Another list taken from Gordon V. Childe the archaeologist is similar:

  • · foreign trade

  • · increased settlement size

  • · writing

  • · political organization based on residence rather than kinship

  • · class-stratified society

  • · representational art

  • · full-time specialists in non-subsistence activities

  • · knowledge of science and engineering

  • · large-scale public works

  • · concentration of wealth


I would agree that these can be fairly classed as recurring signs that we may see in organisations we consider to be ‘civilized’ or ‘civilizations’. But, at the risk of sounding pedantically Socratic, are we any further forward with understanding what it means ‘to be civilized’ or where our need to create civilizations originates? Not really.


I would like to suggest that civilization arises as follows:


  • · our need for mutual protection, benefit

  • · our need for common rules or values to guard the newly formed community

  • · the existence of that community for the betterment and protection of people's lives

  • · the consequent need to maintain these standards


From these come the developed societies with their tools, striving to fulfil and maintain those final two bullet points, namely the achievement of improved living standards and protection levels, and finally their preservation.
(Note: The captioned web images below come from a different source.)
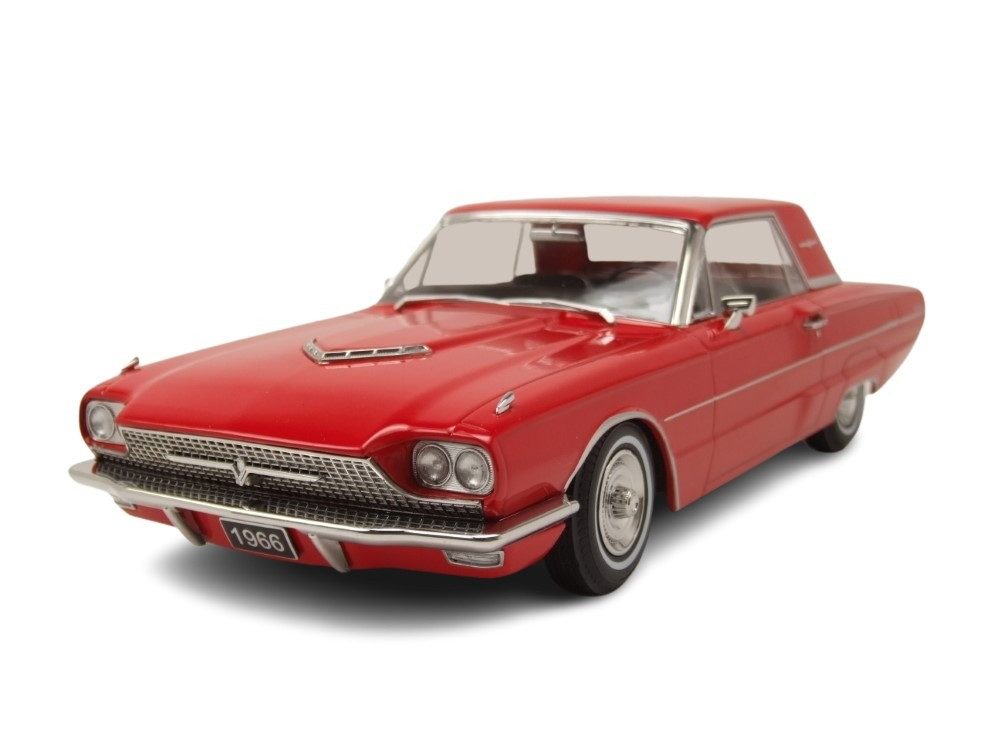 KK Scale Modellauto Ford Thunderbird Hardtop Coupe 1966 rot, Maßstab 1:18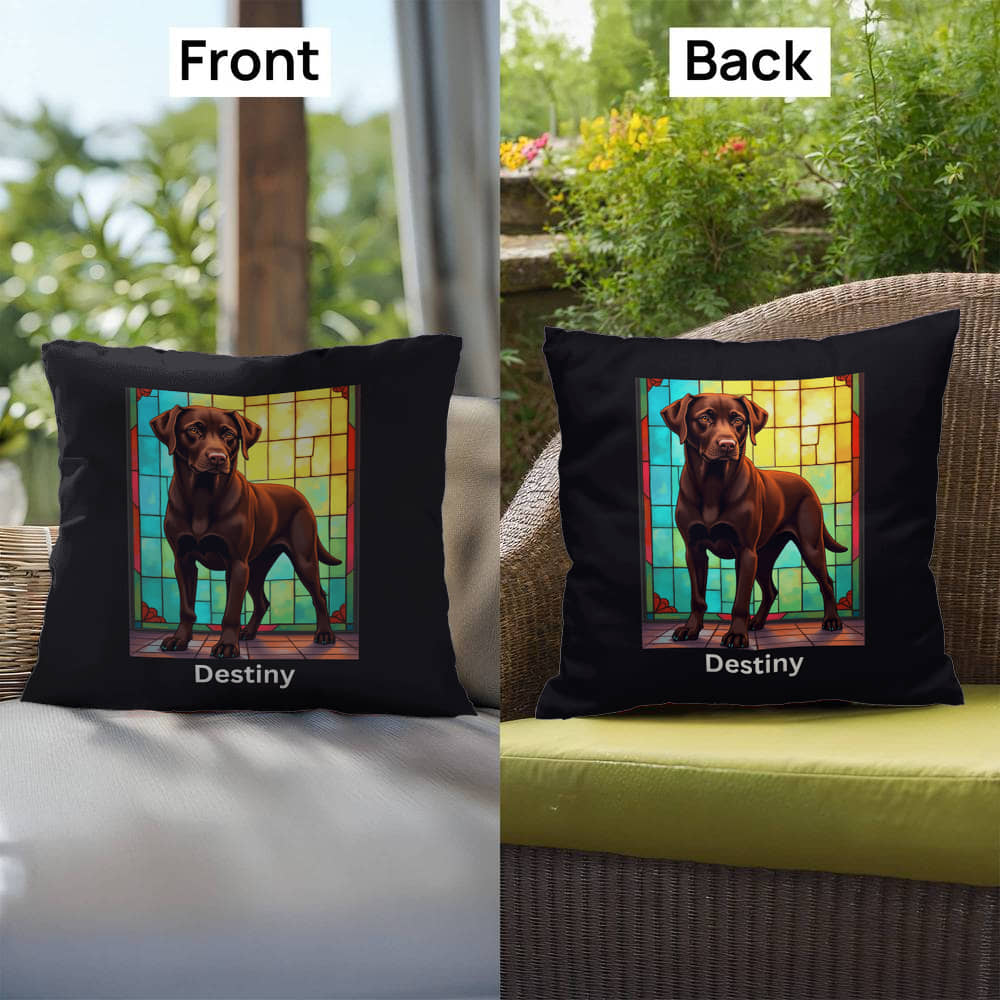 Chocolate Labrador Retriever Pillow, custom stained glass art for indoor/outdoor décor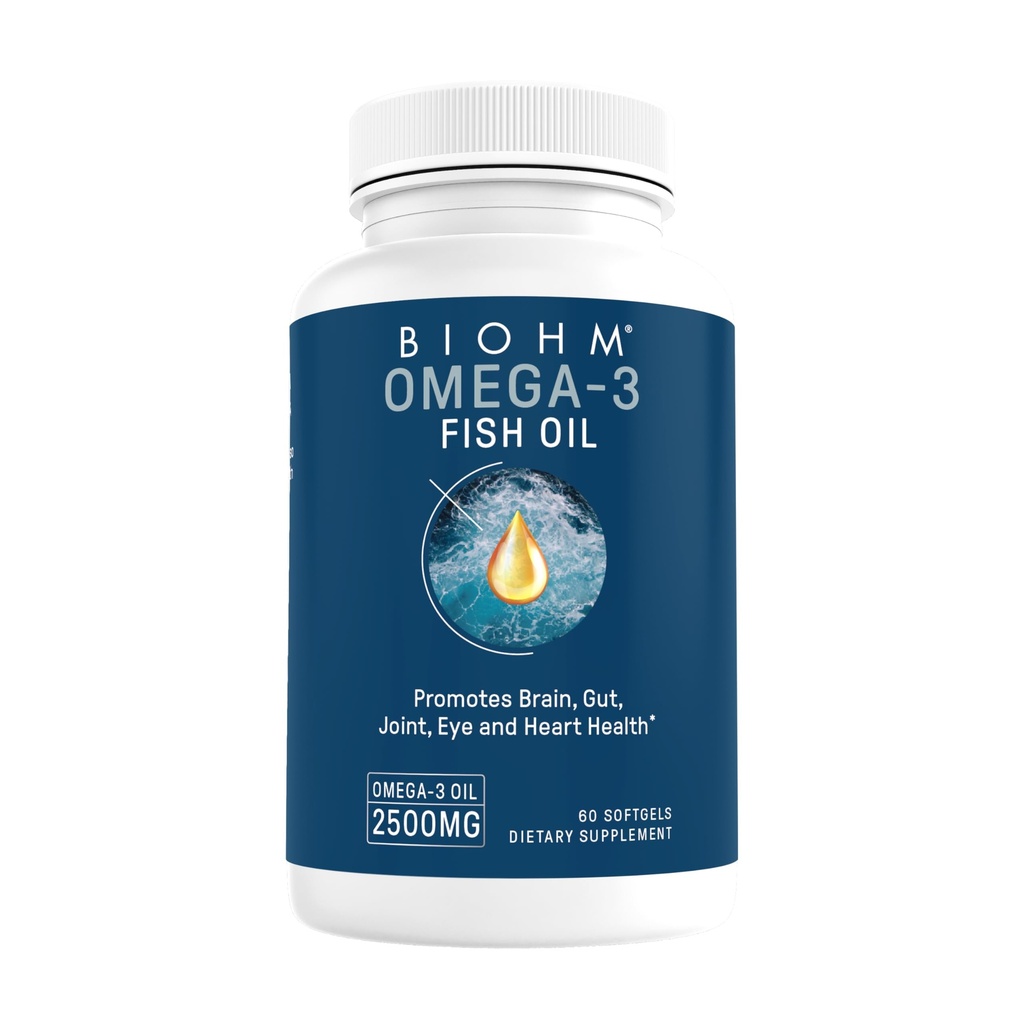 BIOHM Omega-3の魚油(2500mg、60のSoftgels)の高い効力860mg EPA及び630mg DHA、Omega 3の脂肪酸の補足は頭脳、接合箇所、目、肝臓及び腸の健康、持続可能の源を支えます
An interesting quotation for Polybius certainly gave me food for thought on this topic:

“Suppose that from the survivors, as from seeds, the race of man to have again multiplied. In that case I presume they would, like the animals, herd together; for it is but reasonable to suppose that bodily weakness would induce them to seek those of their own kind to herd with. And in that case too, as with the animals, he who was superior to the rest in strength of body or courage of soul would lead and rule them. For what we see happen in the case of animals that are without the faculty of reason, such as bulls, goats, and cocks, — among whom there can be no dispute that the strongest take the lead, —that we must regard as in the truest sense the teaching of nature. Originally then it is probable that the condition of life among men was this, — herding together like animals and following the strongest and bravest as leaders. The limit of this authority would be physical strength, and the name we should give it would be despotism. But as soon as the idea of family ties and social relation has arisen amongst such agglomerations of men, then is born also the idea of kingship, and then for the mankind conceives the first notions of goodness and justice and their reverse.”


Polybius is here describing the formation of societies and then moves on to the cycle of politieiai. But what he says here about how societies begin, I think offers some interesting ideas about where civilization comes from.


  • · Humans seek out their own kind to find strength in numbers.

  • · Seeking protection, they support the strongest of the group.


Already we have an early community.

  • · Strength as a criterion for choosing leaders gives way to goodness and justice.

  • · Social relations are responsible for this change in what people value in a leader.


Now, it is not so much about the specific values Polybius mentions, but the consolidation and strengthening of a social ties through a common purpose. I am not saying I am right, but I think the idea of looking at what binds a civilization, a more social view of what it is to be civilized, is a perfectly valid way of unpicking and thinking about the concept of civilization.


There is no single way of answering the above questions that form the subtitle to this piece. Have a think. What other criteria can you think of?